Procrastination can rob otherwise very productive brilliant people from feeling a sense of success and balance. Set aside time each day to write a prioritized to-do list for the next day. Take a time-management class or listen to a tape series on overcoming procrastination. Buy yourself a complete daily calendar program and follow it. Ask organized friends what methods they recommend.
Set up small rewards for yourself when you complete tasks. Congratulate yourself when you accomplish intermediate goals along the way to the large tasks. Observe what you say to yourself. Make sure you are complimenting yourself and not “beating yourself up”.
- Always keep your word.
One of the fastest ways to feel off balance is to be trying to make up excuses to “cover your tracks” when you have not kept your word. If you only commit to things you are quite certain you can fulfill and you keep these promises, you will walk through life with more confidence, a faster, clearer mind and radiate trustworthiness to all those with whom you come into contact. The word gets around fast about those people who can be counted on to finish projects, show up on time or go the extra mile if they have committed to it.

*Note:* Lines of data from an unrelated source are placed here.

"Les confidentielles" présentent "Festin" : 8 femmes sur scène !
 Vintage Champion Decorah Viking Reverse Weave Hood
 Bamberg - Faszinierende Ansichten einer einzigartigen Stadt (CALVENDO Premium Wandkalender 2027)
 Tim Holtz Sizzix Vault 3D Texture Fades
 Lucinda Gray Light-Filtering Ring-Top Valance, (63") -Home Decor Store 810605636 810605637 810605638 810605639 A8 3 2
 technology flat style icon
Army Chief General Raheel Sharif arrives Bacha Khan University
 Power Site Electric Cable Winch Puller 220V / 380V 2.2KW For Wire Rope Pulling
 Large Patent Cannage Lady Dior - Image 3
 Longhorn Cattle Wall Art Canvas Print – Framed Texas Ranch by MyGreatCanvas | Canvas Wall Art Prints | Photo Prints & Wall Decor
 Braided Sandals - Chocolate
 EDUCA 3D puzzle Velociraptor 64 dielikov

The converse is also true. When a person has not made a habit out of keeping his or her word there is an instant tenseness that fills the air when a promise is made. An uneasiness and a sense of defensiveness follows them into whatever new project they undertake. Create an air of confidence by always following through on what you say you will do.
- A quick way to center your body.
Sit up straight in a chair. Close your eyes, take a deep breath in and completely exhale. Focus your attention on your body and how it feels. Sit up as straight and upright as possible. Now, leaning with your left shoulder, lean as far as you can to the left and then as far as you can to the right.
Then return to center, with your eyes still closed. Imagine what leaning half the distance to your left would be. Now lean only that far to the left, followed by leaning the same halfway reduced distance to the right.
Continue leaning left and then right, cutting the distances in half each time in both directions. Continue, with your eyes closed, even past the point where you feel any perceptible body movement. Stop when you feel at complete center both physically and mentally. Relax and enjoy this centered feeling. Remember how this relaxation feels at times when you are stressed and anxious.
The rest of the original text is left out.